[Information shown]
════════════════

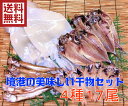 干物 【送料無料】境港の美味しい干物セット　4種17尾　【楽ギフ_包装】【楽ギフ_のし】【楽ギフ_のし宛書】【楽ギフ_メッセ入力】　　　　　　　　　　　　　　　　　　　　　　　　　　※沖縄県は配送料別途500円かかります。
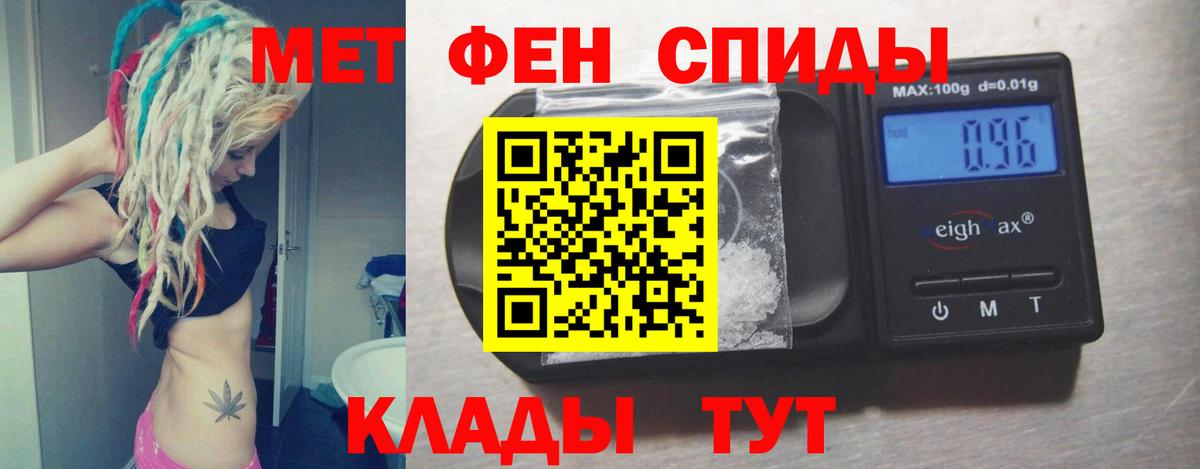 Amphetamine VHQ Тайшет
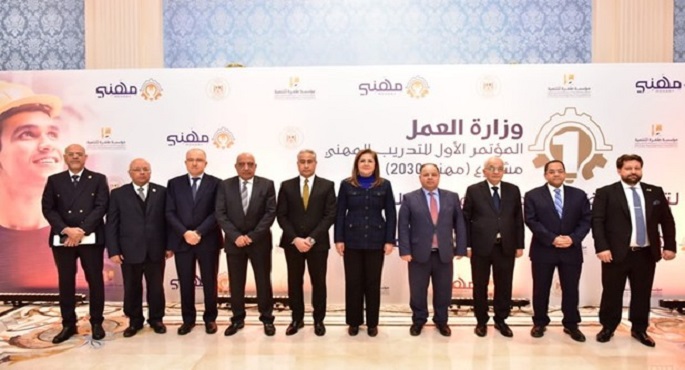 وزير العمل يُطلق مشروع “مهني 2030” لتأهيل الشباب على مِهن سوق العمل في الداخل والخارج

════════════════

[What needs to be done]
The material above should be repeated word for word, with every picture omitted.

[Response]
 干物 【送料無料】境港の美味しい干物セット　4種17尾　【楽ギフ_包装】【楽ギフ_のし】【楽ギフ_のし宛書】【楽ギフ_メッセ入力】　　　　　　　　　　　　　　　　　　　　　　　　　　※沖縄県は配送料別途500円かかります。
 Amphetamine VHQ Тайшет
 وزير العمل يُطلق مشروع “مهني 2030” لتأهيل الشباب على مِهن سوق العمل في الداخل والخارج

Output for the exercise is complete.